Continuer, un drame familial en terre inconnue

Continuer
de Joachim Lafosse
Drame, Aventure
Avec Virginie Efira, Kacey Mottet Klein, Diego Martín
Sorti le 30 janvier 2019

Pour son nouveau long-métrage, Joachim Lafosse nous emmène dans un huis-clos à ciel ouvert, à travers une chevauchée dans les steppes du Kirghizistan. Continuer sera un voyage pénible pour une mère et son fils, des personnages interprétés avec sensibilité par Virginie Efira et Kacey Mottet Klein. Bien que l’image soit sublime et que cette aventure équestre donne des envies d’évasion, l’univers du film social transposé dans ce décor de bout du monde ne nous a pas convaincu.

Inquiète pour son fils de 18 ans qui a sombré dans la violence et la dépression, Sybille décide d’emmener Samuel dans un trek à cheval au Kirghizistan pour le pousser à déconnecter et à réfléchir. Mais la relation difficile entre la mère, divorcée et ayant laissé son enfant à son ex-mari et son fils colérique et asocial, sera mise à rude épreuve dans cette randonnée sauvage. Seuls avec leurs chevaux, Sybille et Samuel devront gérer les aléas d’un territoire inconnu mais surtout leur tête-à-tête conflictuel.

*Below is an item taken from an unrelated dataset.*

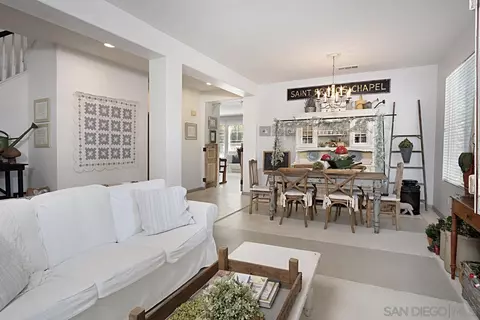 Dining - 28945 Savannah Dr, Temecula, CA 92591 photo 2 of 2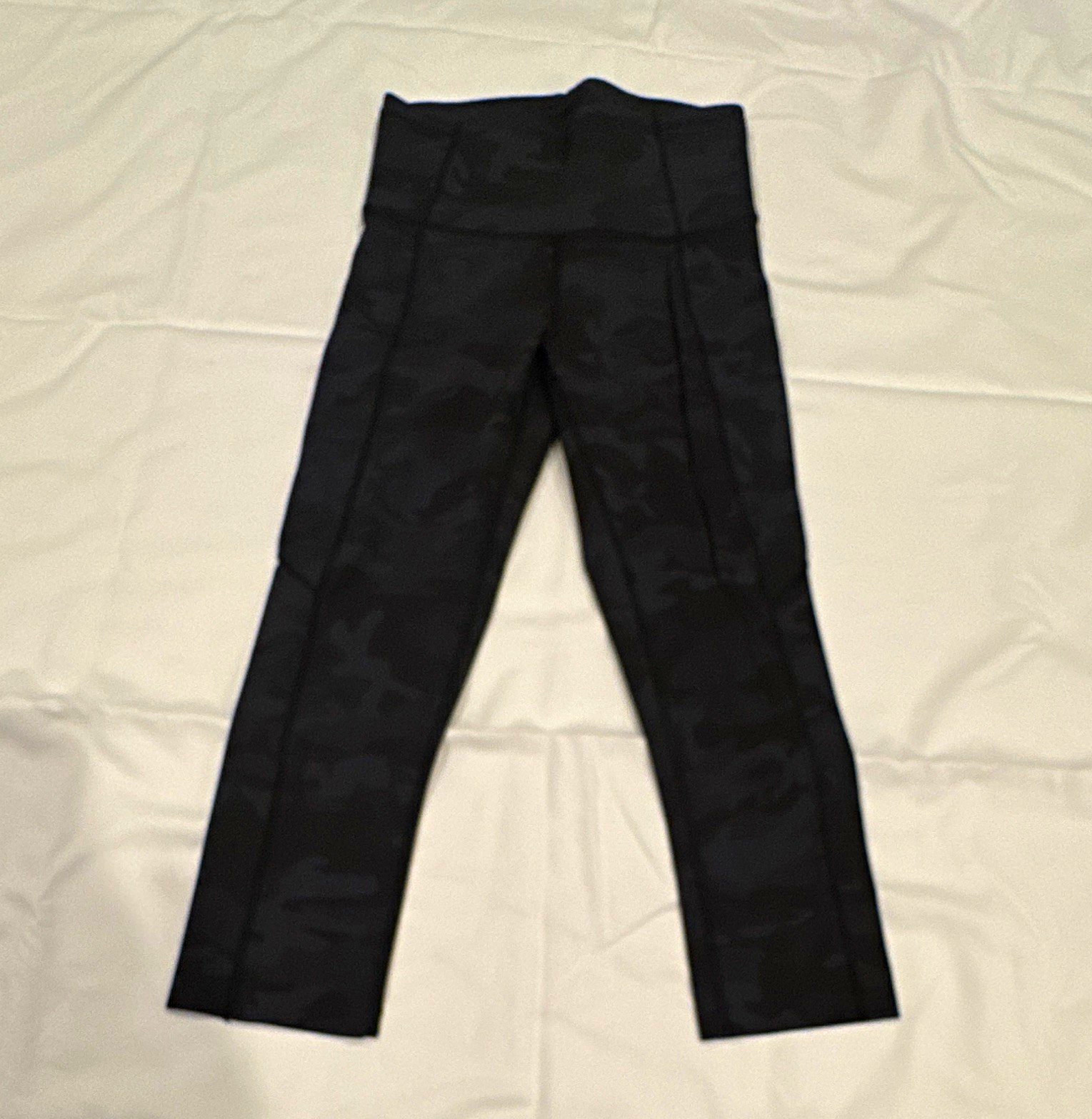 lululemon athletica Women’s Black Camo Ankle Leggings Size 4 Logo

Dans cette adaptation du roman éponyme de Laurent Mauvinier, Joachim Lafosse nous dresse un tableau familial conflictuel, fait de non-dits et de douleurs entre une mère démissionnaire et un fils écorché vif. Une tension entre Sybille et Samuel est présente dès le départ, on ressent la rancœur du fils et les remords de sa mère qui l’a abandonné enfant parce qu’elle se sentait alors incapable d’assumer son rôle. Espérant que cette expérience leur permettra de se rapprocher, Sybille aura du mal à communiquer avec son fils, qui la mènera à bout à plusieurs reprises. Bravo à Virginie Efira et Kacey Mottet Klein pour avoir relevé le défi d’un duo torturé au bout du monde et pour leurs prouesses équestres. On n’avait jamais vu l’actrice belge dans un rôle aussi profond et touchant et le jeune Kacey Mottet Klein est intense.

L’absence d’étincelle

L’esthétique du film et le jeu des acteurs ne sont malheureusement pas suffisants pour nous transporter. Malgré la justesse des comédiens, l’alchimie n’opère pas entre eux, on n’y croit pas trop. Bien que quelques éléments de leur passé soient vaguement mentionnés, on sait peu de choses sur eux et c’est notamment cette absence d’informations qui nous empêche de comprendre leur personnalité, leur histoire et leur relation. Seuls l’animosité de Samuel et le désarroi de sa mère persistent, entrecoupés de moments de complicité maladroits. Peut-être la lecture du livre en amont aurait permis d’apprécier le film davantage. Ce qui nous tient, c’est de savoir comment va se terminer cette aventure équestre. Les chevaux ont d’ailleurs une place centrale puisqu’ils apportent un certain apaisement entre mère et fils, c’est eux qui les lieront tout au long de l’aventure, les forçant à se parler et à continuer.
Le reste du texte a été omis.